Miro a mis amigas, a mis vecinas. Sus hijos les ayudan: les llevan comida, les pagan los recibos, las llevan a su casa en invierno. Y yo… como si no tuviera a nadie. Y lo peor es que yo misma les enseñé eso. Mi hermana y yo siempre ayudamos a nuestros padres, con dinero, con comida, con cariño, sin reproches. ¿Y mis hijos? Los míos me han dado la espalda. No es solo dolor. Es vacío.

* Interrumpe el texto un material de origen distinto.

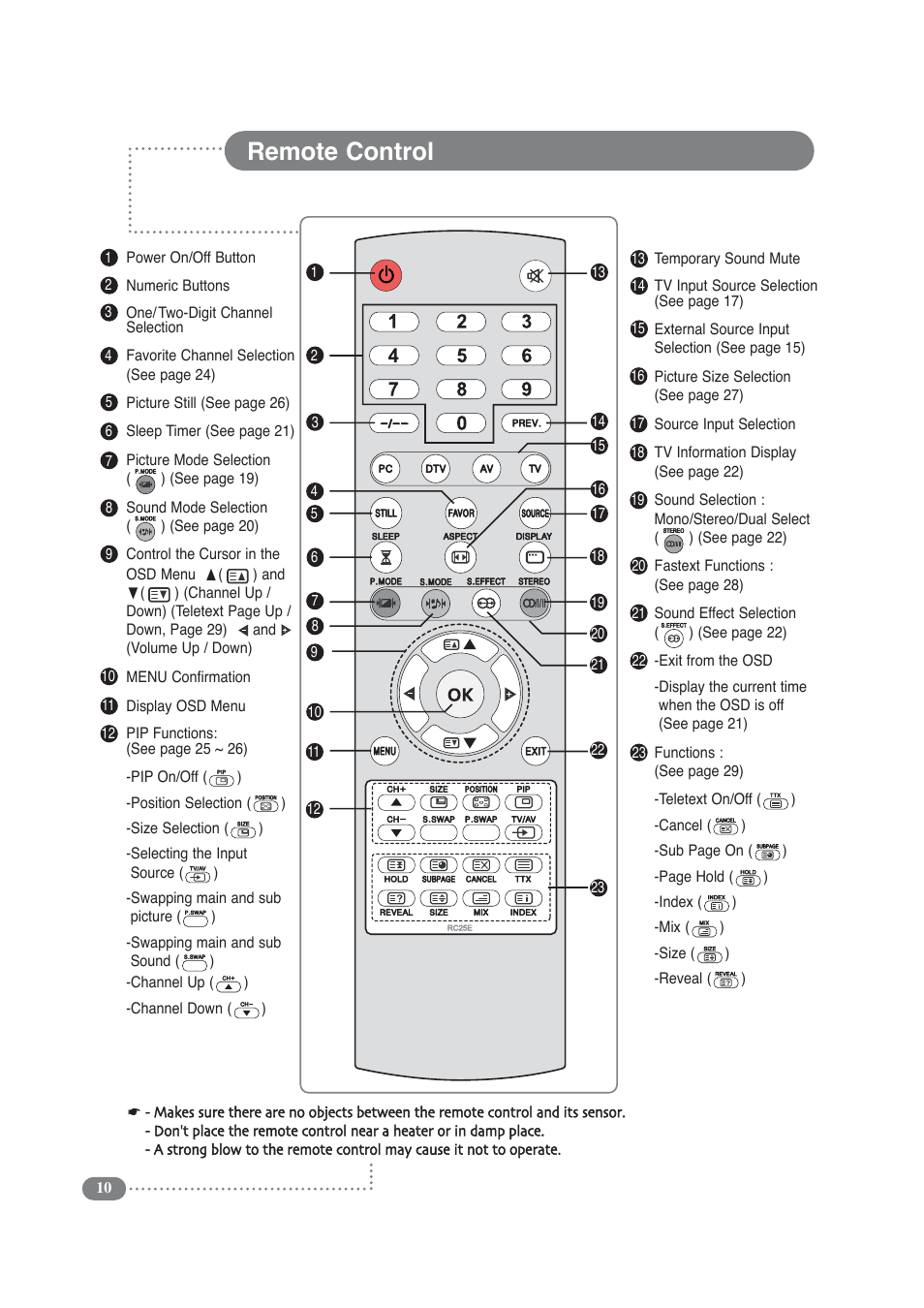 Remote control | Daitsu LCD 32 User Manual | Page 10 / 40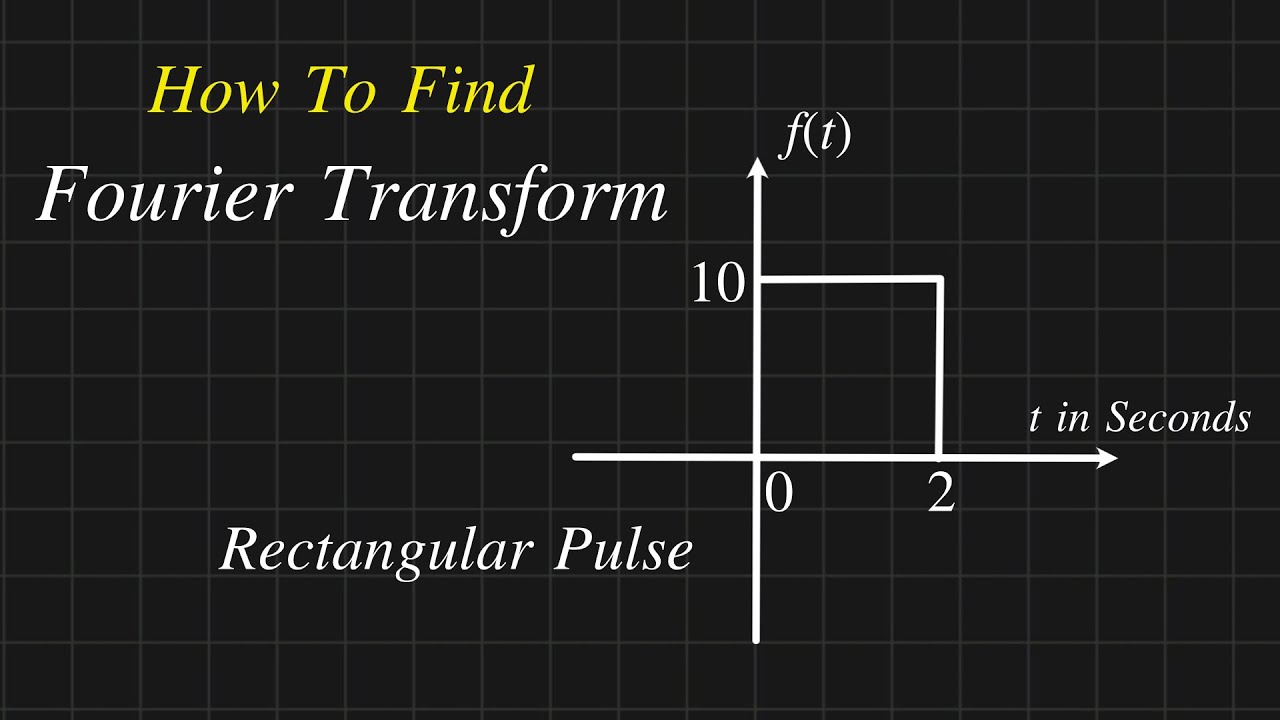 How To Find Fourier Transform For Rectangular Pulse ||  Fourier Transform Solved  Problem | Signals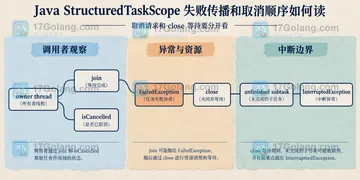 Java StructuredTaskScope 失败传播和取消顺序如何读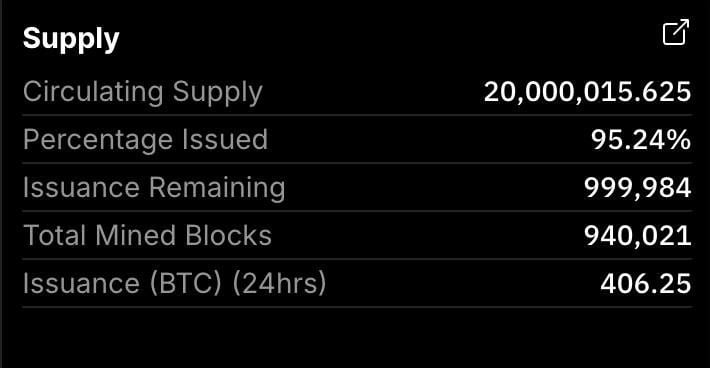 כמות המטבעות של ביטקוין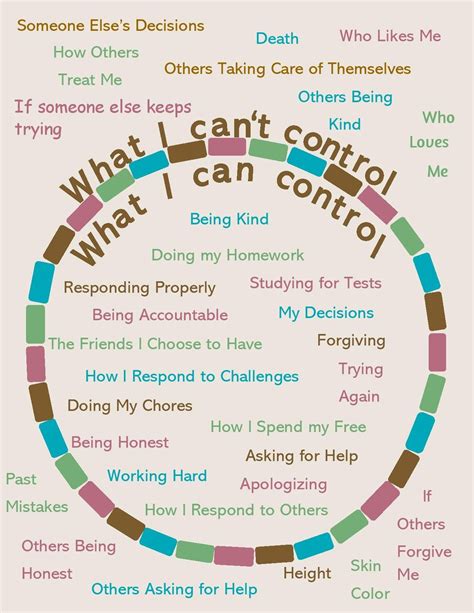 What humans can control
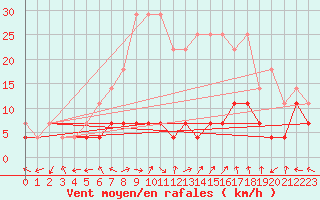 Courbe de la force du vent pour Vaslui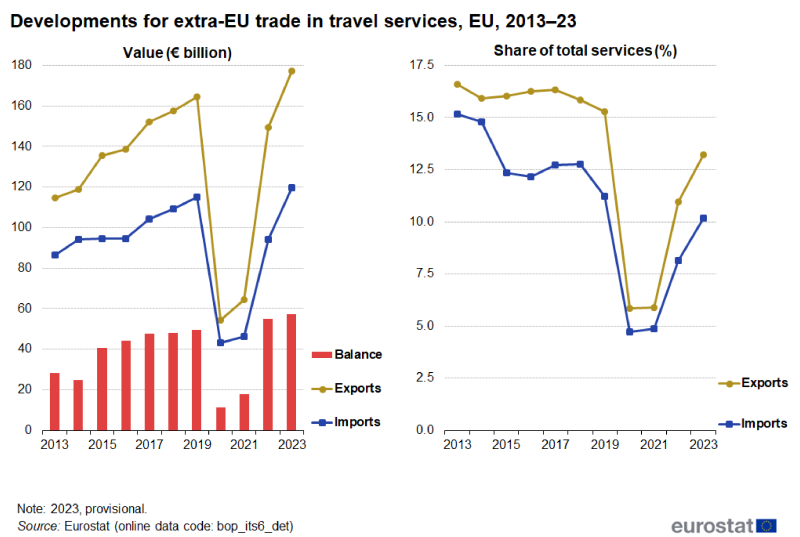 A combined line and column chart and a line chart showing the developments for extra-EU trade in travel services in the EU from 2013 to 2023. One chart shows value and the other the share of the services total. Each chart has lines for imports and exports, with the chart in value also showing a column for the trade balance. The complete data of the visualisation are available in the Excel file at the end of the article.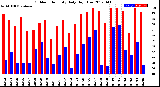 Milwaukee Weather Outdoor Humidity<br>Daily High/Low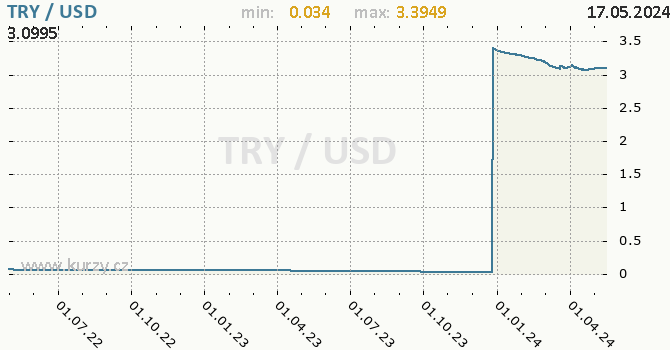Vvoj kurzu TRY/USD - graf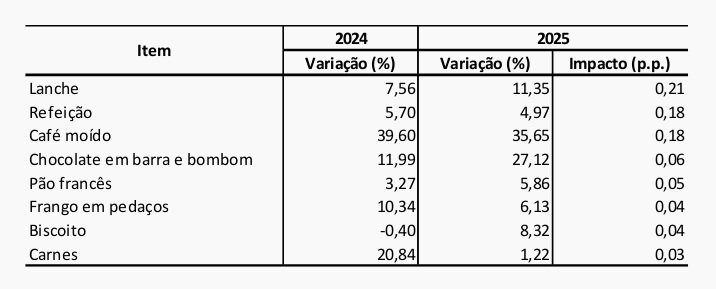 Principais altas entre alimentos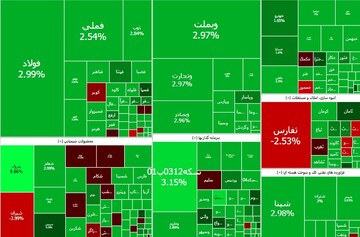 پرواز ۳۶ هزار واحدی شاخص کل بورس تهران بر بال فولاد و فملی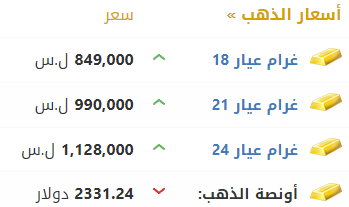 أسعار الذهب في سوريا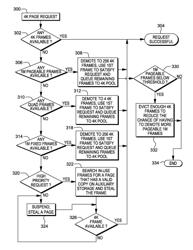 Managing allocation of memory pages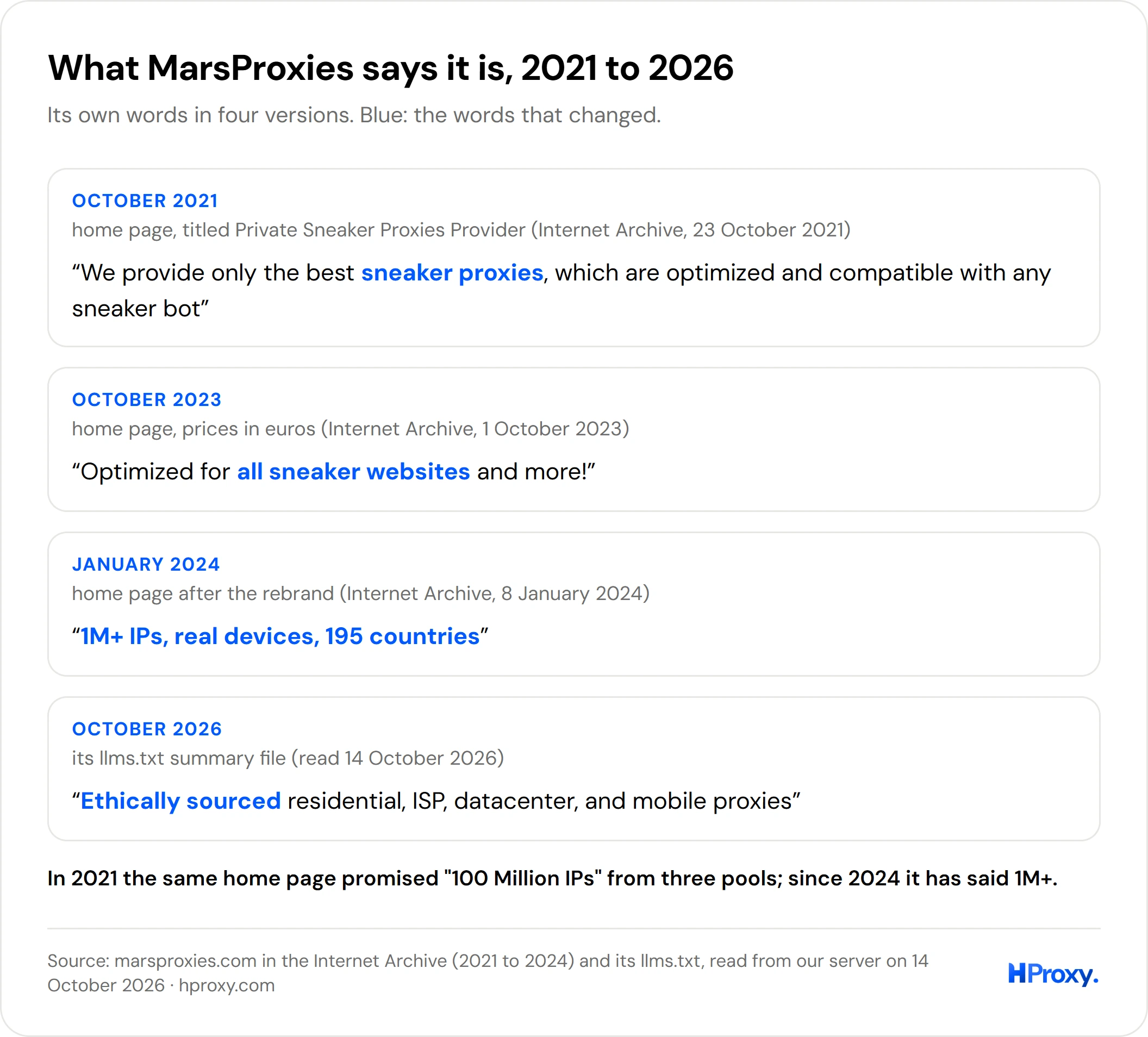 What MarsProxies says it is, in four versions: in October 2021 the best sneaker proxies, compatible with any sneaker bot; in October 2023 optimized for all sneaker websites and more; in January 2024 1M+ IPs, real devices, 195 countries; in October 2026 ethically sourced residential, ISP, datacenter and mobile proxies. In 2021 the same home page promised 100 Million IPs from three pools.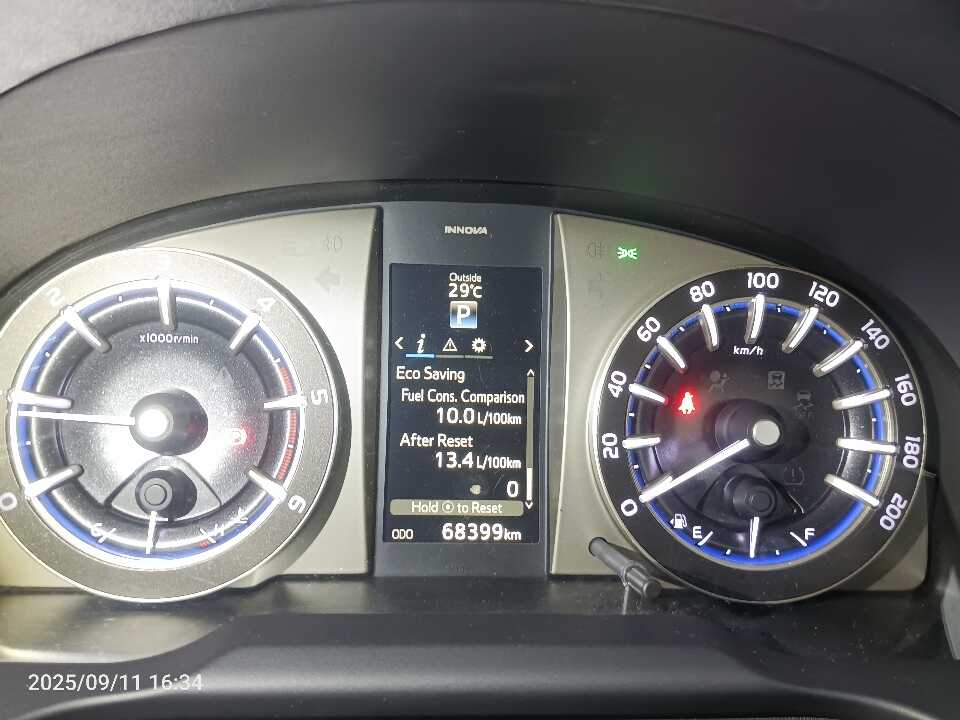 Foto Mobil Bekas Odometer Toyota Innova 2.4 Venturer tahun 2021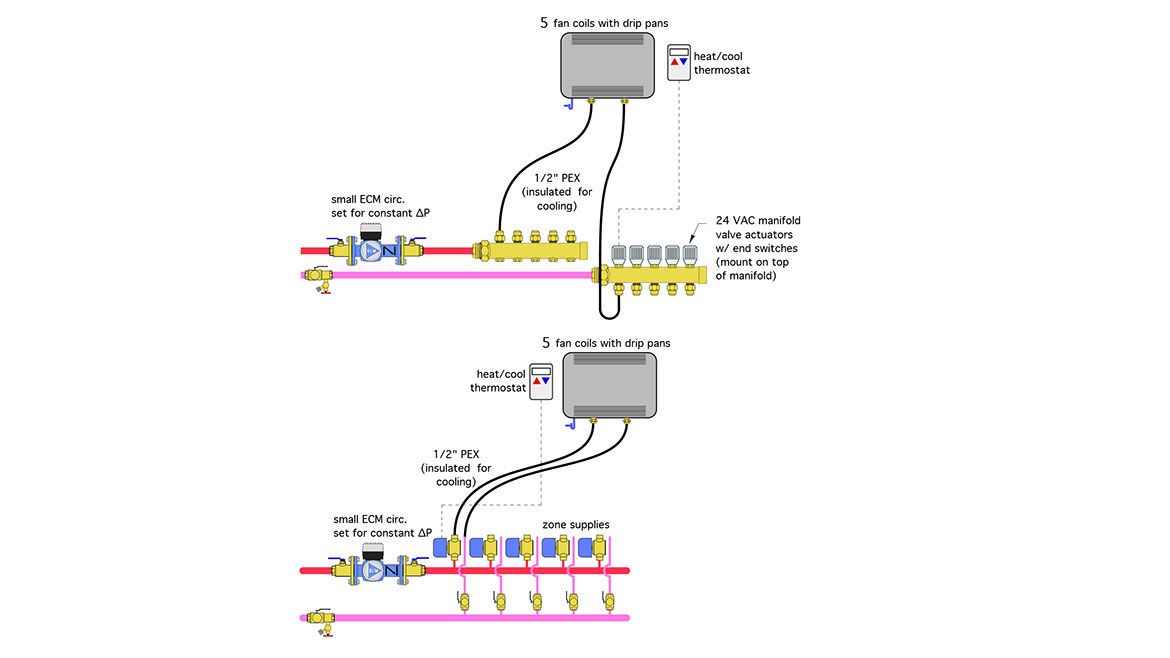 Figure 1: Two piping options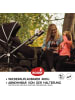 Rockit Kinderwagenschaukler 2.0 SET (wiederaufladbar) inkl. 2 Halterungen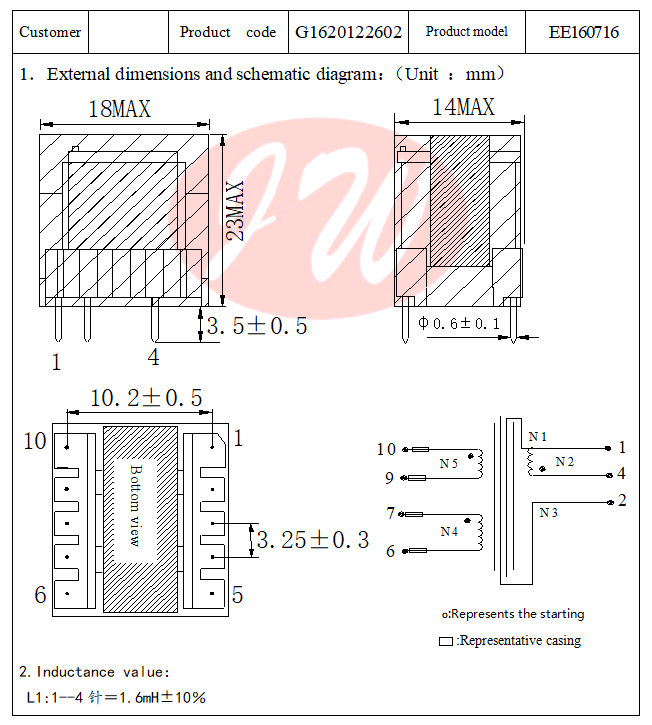nombre predeterminado default name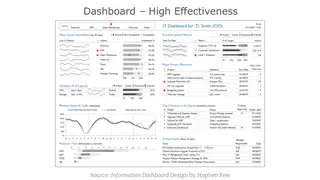 High effectiveness: a dense CIO dashboard that still reads cleanly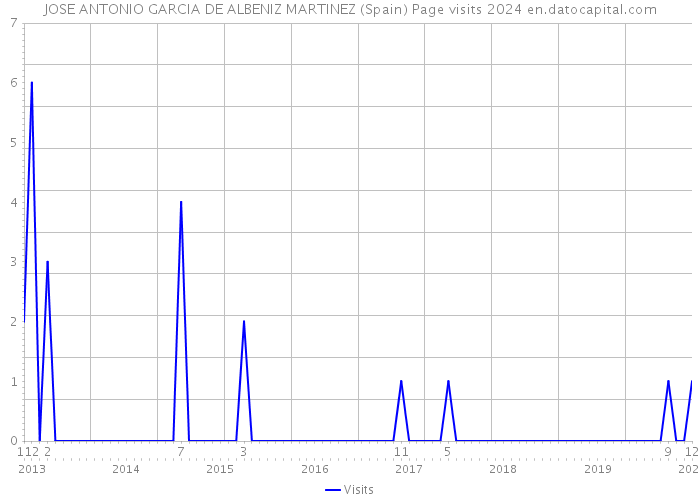 JOSE ANTONIO GARCIA DE ALBENIZ MARTINEZ (Spain) Page visits 2024 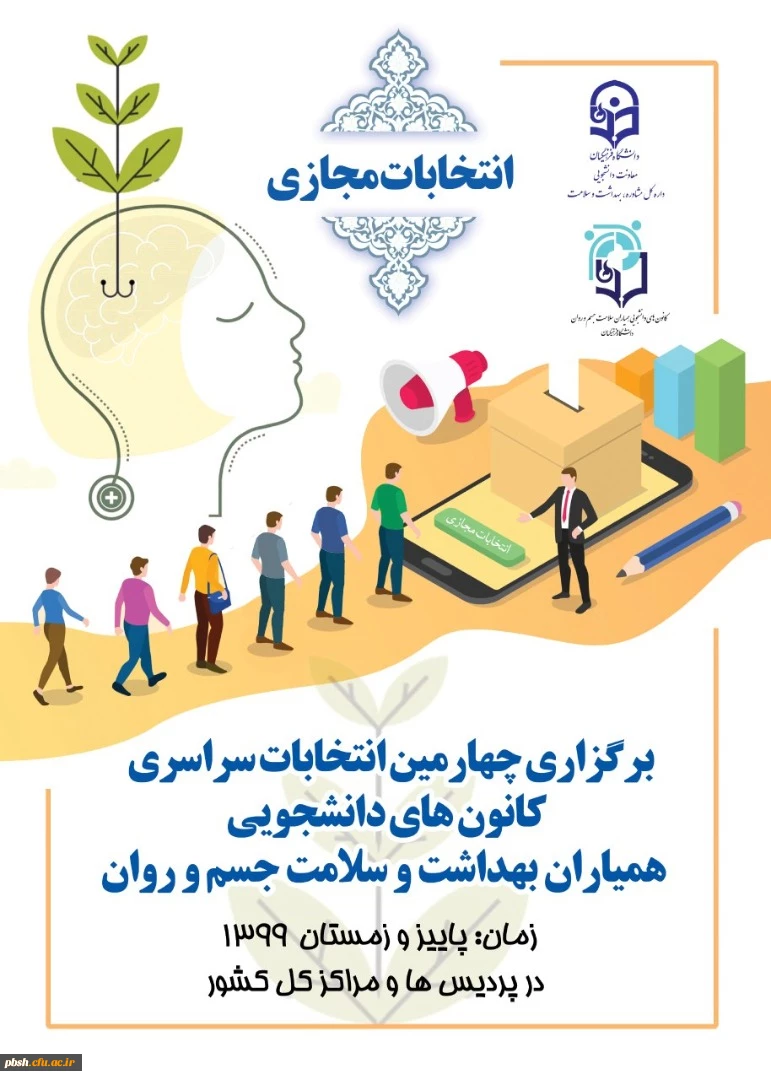 برگزاری چهارمین انتخابات کانون های دانشجویی همیاران بهداشت و سلامت جسم و روان 2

Una vez le propuse a mi hija mudarme con ella un año, alquilar mi piso para tener algo de ingresos. Tienen un piso grande, habría espacio. Pero ni siquiera quiso escucharme. Me dijo que alquilase una habitación y me quedase en la otra. O sea, que vivir con extraños está bien, ¿pero con su madre no? Aún no entiendo qué hice mal. ¿En qué momento me equivoqué?

Ahora cada día es una batalla. ¿Cómo llegar a fin de mes? ¿Cómo no enfermar? ¿Cómo no morir de soledad? Mi marido y yo les dimos todo lo que tenemos. Cada euro, cada gota de esfuerzo. Y ahora… vivo al margen de sus vidas. En silencio, resignada. Solo queda dentro un hilo de esperanza de que, quizá, alguno recuerde que tiene una madre. No cuando ya me haya ido. Ahora.

Pero parece que la esperanza es lo único que me queda.